Write out exactly the lines below that run from the one containing "Face of a multi-ply" through the one containing "Commanding, dramatic, and", both included, with no other lines.

── Data records ──

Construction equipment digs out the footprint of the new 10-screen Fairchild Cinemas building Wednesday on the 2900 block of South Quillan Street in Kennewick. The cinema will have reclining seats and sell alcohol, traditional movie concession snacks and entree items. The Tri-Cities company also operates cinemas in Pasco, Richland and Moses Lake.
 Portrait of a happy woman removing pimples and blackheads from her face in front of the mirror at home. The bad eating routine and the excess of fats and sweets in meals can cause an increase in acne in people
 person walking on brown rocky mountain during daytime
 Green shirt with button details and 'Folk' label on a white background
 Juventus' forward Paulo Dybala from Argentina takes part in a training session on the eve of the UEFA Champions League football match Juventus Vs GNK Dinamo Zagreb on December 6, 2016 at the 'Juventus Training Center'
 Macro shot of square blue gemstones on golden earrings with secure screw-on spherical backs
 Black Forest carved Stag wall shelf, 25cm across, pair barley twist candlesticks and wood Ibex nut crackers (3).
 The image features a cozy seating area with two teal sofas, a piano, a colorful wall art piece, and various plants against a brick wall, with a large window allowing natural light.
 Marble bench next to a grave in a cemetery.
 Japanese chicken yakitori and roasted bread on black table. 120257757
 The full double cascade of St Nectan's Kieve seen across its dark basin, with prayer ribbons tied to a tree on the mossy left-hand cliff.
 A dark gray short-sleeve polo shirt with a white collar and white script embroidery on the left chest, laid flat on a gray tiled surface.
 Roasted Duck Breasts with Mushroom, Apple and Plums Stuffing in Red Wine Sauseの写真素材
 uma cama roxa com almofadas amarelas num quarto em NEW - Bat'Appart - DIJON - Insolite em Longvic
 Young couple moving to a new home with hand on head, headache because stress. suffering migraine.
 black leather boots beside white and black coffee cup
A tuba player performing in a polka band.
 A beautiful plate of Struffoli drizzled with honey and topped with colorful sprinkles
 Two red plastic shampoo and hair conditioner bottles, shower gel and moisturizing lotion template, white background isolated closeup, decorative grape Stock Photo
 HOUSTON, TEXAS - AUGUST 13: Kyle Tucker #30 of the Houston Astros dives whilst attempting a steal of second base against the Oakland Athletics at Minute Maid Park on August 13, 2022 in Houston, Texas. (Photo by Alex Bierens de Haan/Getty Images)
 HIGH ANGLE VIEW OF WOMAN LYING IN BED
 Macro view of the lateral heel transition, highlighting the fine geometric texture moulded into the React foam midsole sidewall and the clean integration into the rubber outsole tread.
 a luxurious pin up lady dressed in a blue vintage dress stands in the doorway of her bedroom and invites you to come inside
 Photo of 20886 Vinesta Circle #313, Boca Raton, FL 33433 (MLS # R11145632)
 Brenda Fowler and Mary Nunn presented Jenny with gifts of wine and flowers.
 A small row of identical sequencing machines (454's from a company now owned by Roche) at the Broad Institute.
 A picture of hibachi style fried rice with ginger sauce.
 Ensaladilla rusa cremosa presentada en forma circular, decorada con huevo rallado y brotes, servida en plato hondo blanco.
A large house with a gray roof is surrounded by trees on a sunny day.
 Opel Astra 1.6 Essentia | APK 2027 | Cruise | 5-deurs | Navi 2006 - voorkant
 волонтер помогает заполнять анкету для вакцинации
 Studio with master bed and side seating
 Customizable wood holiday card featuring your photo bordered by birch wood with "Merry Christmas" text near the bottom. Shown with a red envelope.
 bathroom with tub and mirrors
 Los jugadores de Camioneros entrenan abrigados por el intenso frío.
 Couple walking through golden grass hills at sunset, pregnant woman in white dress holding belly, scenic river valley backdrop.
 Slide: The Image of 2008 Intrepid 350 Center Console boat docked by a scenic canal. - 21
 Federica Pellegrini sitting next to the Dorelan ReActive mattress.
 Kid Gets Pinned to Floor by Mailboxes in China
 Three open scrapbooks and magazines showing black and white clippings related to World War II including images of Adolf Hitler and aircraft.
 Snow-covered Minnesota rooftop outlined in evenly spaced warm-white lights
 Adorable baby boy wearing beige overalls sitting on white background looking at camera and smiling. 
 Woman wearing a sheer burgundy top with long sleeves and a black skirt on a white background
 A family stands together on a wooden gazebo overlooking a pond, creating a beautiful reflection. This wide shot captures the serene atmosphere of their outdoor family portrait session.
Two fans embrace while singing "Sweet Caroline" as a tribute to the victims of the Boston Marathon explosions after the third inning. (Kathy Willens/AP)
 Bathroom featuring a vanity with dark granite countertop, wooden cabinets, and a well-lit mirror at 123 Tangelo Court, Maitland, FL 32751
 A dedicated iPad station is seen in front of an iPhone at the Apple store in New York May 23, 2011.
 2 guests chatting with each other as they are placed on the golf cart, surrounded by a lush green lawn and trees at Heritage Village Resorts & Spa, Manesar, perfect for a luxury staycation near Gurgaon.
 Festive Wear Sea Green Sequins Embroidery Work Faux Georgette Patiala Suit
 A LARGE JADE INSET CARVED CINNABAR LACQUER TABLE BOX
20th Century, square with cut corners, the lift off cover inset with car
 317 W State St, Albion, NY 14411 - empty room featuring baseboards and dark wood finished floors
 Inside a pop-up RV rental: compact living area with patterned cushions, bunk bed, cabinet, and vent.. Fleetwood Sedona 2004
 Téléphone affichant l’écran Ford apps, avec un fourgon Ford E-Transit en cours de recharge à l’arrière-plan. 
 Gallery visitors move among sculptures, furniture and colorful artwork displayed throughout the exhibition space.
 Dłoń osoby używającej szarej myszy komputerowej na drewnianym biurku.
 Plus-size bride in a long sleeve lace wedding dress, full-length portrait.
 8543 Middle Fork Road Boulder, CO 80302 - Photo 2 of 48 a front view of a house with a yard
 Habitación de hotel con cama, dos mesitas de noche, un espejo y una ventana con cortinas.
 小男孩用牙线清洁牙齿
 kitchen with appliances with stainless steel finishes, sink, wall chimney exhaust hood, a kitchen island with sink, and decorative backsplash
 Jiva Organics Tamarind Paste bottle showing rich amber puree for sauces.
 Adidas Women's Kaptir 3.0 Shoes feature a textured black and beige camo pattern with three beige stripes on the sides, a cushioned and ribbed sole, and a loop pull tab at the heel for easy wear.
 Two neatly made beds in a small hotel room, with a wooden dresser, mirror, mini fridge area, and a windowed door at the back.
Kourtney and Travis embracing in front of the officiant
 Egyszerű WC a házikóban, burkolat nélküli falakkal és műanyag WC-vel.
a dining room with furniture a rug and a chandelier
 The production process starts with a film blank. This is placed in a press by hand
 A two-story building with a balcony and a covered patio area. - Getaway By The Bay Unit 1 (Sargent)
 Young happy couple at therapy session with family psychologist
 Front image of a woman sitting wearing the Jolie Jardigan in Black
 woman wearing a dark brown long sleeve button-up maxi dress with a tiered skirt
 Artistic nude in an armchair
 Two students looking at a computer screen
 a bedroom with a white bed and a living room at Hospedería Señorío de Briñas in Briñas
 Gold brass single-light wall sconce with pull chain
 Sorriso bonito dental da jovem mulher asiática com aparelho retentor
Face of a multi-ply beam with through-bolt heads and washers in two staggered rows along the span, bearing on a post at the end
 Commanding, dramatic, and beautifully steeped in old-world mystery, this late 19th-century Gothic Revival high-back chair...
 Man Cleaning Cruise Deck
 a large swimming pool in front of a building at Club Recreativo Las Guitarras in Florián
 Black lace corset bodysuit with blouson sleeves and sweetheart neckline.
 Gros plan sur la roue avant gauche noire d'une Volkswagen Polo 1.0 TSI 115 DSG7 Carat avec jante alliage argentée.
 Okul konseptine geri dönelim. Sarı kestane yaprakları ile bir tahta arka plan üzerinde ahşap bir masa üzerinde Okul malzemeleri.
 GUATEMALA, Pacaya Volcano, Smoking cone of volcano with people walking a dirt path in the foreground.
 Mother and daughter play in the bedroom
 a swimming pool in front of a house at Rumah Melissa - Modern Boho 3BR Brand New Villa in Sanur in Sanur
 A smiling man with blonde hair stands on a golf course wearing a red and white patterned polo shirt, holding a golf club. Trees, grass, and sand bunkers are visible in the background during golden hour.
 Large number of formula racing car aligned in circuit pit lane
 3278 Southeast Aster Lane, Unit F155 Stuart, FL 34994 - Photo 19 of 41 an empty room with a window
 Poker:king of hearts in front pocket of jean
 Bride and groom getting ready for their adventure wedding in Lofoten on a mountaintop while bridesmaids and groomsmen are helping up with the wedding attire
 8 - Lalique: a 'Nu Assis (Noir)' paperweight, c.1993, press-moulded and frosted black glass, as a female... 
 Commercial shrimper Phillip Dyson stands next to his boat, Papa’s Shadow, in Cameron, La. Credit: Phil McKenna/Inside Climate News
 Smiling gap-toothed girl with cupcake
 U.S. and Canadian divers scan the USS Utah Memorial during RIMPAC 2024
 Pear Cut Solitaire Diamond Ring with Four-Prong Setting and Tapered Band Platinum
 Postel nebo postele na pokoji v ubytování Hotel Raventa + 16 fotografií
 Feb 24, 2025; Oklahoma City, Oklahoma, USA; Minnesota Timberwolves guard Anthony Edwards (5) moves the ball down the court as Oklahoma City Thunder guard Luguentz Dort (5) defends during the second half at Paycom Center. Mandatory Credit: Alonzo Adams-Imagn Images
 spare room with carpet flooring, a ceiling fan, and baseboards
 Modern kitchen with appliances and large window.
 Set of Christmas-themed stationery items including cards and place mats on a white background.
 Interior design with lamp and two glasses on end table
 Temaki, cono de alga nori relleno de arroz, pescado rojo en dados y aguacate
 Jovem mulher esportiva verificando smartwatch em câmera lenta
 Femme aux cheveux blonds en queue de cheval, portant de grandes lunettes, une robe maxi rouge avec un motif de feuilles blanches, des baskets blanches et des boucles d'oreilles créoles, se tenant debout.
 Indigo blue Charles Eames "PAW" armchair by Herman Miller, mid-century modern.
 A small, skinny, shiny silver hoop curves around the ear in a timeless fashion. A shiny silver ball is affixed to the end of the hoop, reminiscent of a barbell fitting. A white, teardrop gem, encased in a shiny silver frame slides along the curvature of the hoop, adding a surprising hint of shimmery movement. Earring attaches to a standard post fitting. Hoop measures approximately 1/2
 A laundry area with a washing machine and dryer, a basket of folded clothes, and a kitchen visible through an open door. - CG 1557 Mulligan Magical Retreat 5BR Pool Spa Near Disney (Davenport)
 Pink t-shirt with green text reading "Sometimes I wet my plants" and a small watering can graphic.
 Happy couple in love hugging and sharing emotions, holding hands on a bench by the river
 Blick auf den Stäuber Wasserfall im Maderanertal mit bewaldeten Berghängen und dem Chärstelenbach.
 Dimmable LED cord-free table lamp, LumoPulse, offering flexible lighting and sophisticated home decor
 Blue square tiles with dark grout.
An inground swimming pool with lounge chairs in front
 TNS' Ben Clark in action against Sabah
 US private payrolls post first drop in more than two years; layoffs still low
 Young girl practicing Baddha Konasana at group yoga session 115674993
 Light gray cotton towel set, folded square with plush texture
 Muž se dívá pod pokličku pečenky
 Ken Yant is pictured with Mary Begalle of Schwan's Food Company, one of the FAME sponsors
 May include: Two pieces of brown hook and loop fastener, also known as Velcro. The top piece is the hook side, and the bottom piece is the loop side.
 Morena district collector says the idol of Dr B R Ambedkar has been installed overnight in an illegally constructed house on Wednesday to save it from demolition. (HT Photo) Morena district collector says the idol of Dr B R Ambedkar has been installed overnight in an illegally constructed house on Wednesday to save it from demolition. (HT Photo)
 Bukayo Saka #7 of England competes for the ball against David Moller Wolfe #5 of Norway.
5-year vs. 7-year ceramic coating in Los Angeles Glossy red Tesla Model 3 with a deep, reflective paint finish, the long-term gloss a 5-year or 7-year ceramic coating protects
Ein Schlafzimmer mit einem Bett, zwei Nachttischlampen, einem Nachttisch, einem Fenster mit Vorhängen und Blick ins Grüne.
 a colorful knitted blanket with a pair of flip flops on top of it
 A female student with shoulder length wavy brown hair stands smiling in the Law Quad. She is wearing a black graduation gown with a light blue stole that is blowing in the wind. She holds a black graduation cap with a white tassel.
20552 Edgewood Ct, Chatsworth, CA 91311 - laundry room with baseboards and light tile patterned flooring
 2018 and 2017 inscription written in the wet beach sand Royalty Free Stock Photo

───

Response area:
Face of a multi-ply beam with through-bolt heads and washers in two staggered rows along the span, bearing on a post at the end
 Commanding, dramatic, and beautifully steeped in old-world mystery, this late 19th-century Gothic Revival high-back chair...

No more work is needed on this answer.